Rafael Sebastián Guillén Vicente acaba de anunciar que el “personaje” Marcos deja de existir, pues sólo fue “botarga”, “holograma cambiante y a modo” que “ya no era necesario”. De esta manera, el activista tampiqueño suprime al Subcomandante Marcos, su alter ego, un exitosísimo personaje creado, mantenido y ahora desaparecido por decisión de su creador.
Guillén Vicente no informa si también se despojará del pasamontañas, prenda que tiene una función ornamental desde que se supo quién era. Tampoco dijo si abandonará el apodo de Marcos y adoptará otro remoquete. Quizá no lo haga, pues en su familia hay la tendencia a usar seudónimos, como es el caso de su hermana Mercedes del Carmen, más conocida como Paloma, aún ahora que se desempeña como subsecretaria de Población, Migración y Asuntos Religiosos de la Secretaría de Gobernación.
Lo cierto es que si además del alias renuncia a la pipa, la máscara y otras características, Guillén se despedirá también de la única imagen que compitió con el Che de Korda en la iconografía de la izquierda mundial, lo que incidirá en una sensible baja del turismo nacional y sobre todo internacional que llega a Chiapas.
De algún modo se cierra otro ciclo del zapatismo, que emergió violentamente el primero de enero de 1994 e hizo oír la voz de los indios, acallados durante siglos. Ese primer ciclo que terminó cuando la opinión pública mundial obligó a Carlos Salinas de Gortari a cesar los bombardeos sobre la población civil de Chiapas.
Un segundo ciclo se inició con las conversaciones de paz a las que asistió Manuel Camacho como representante del gobierno federal, periodo en el que la figura de Marcos/Guillén se convirtió en un estandarte de cierto sector de la izquierda mexicana urgida de liderazgo. Igualmente, San Cristóbal de Las Casas se convirtió en un lugar conocido internacionalmente, pues hasta ahí llegaron corresponsales de todo el mundo en busca de una entrevista exclusiva con el hombre “del calcetín”, como lo llamó en forma irreverente Diego Fernández de Cevallos.
Fueron meses en que los santuarios zapatistas estuvieron más concurridos que el Tepeyac en 12 de diciembre. Con muy contadas excepciones, los intelectuales y dirigentes de izquierda de México y el mundo iban a la selva chiapaneca en busca de ese Santo Niño de Atocha redivivo.

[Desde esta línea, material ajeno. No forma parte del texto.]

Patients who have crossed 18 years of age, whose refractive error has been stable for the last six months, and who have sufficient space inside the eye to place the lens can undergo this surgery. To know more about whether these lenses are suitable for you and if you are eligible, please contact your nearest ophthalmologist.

Tomarse la foto con el hombre-mito era casi como la bendición papal, aunque la inmensa mayoría se conformaba con verlo de lejos, con aplaudir sus desplantes y festejar sus ocurrencias.
Nunca dirigente alguno de la izquierda mexicana tuvo mayor capacidad de convocatoria ni más autoridad sobre tanta gente. Nunca hubo otro que de manera tan irresponsable saboteara su propio liderazgo, construido sobre una causa noble pero muy limitada. Marcos, autoerigido en apóstol de los indios, no tuvo propuesta política nacional ni proyecto de cambio radical, más allá de algunas frases afortunadas, pero finalmente huecas.

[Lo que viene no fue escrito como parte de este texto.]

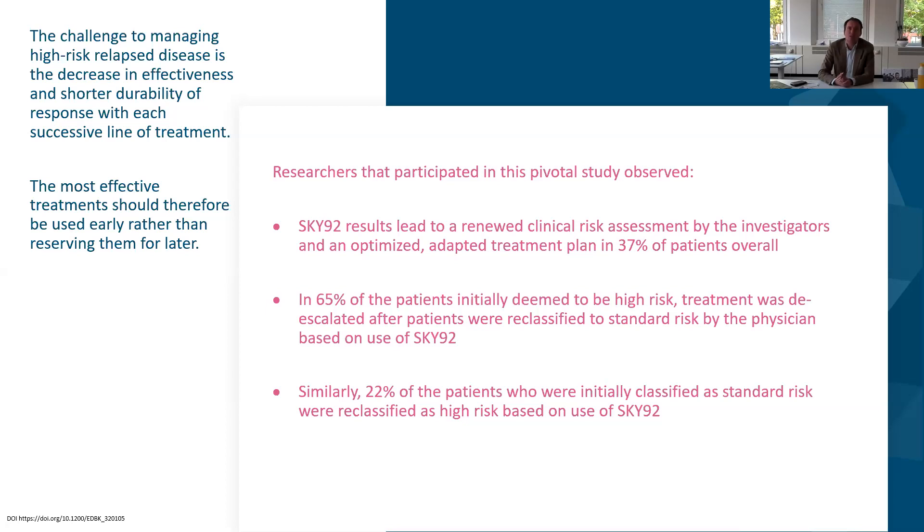What we also found was that the percentage of patients deemed high risk who de-escalated was quite high — we kind of underestimated this upfront. We thought more patients would be classified as high risk and go up in treatment, but 65% of those initially deemed high risk were actually reclassified as standard risk. The 22% of patients initially classified as standard risk were reclassified as high risk based on SKY92. With appropriate monitoring and communication tools in place, you can always adapt throughout the disease course.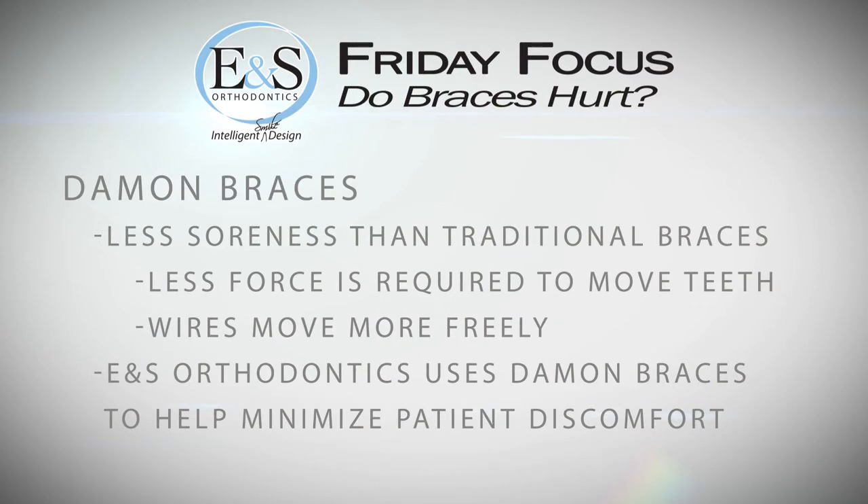The last thing I want to talk about is the difference between conventional braces and Damon braces that we use in the office. With Damon braces, patients typically experience a little bit less discomfort because we use lighter forces to move the teeth. In traditional conventional braces, wires are held in place by those little colored ties, which creates friction and binding. To overcome that friction, the wire has to work harder, so more force is required to move teeth. In the Damon system, a little door on the bracket holds the wire in place, allowing the wire to move more freely — so lighter forces are used to move teeth.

Hoy, veinte años después de su aparición y a 13 de que Vicente Fox permitiera el tour de los zapatistas, para que de ese modo perdieran el encanto de lo clandestino, el personaje decide suprimirse. Desaparece, para decirlo con sus palabras, solamente como botarga u holograma, porque seguirá ahí, como caudillo omnímodo, jefe blanco en tierra de indios que siguen y seguirán igual mientras no se superen los liderazgos –carismáticos, unipersonales, caprichosos­– que nunca podrán sustituir la conciencia colectiva ni la decisión de las masas, base del cambio profundo que México requiere.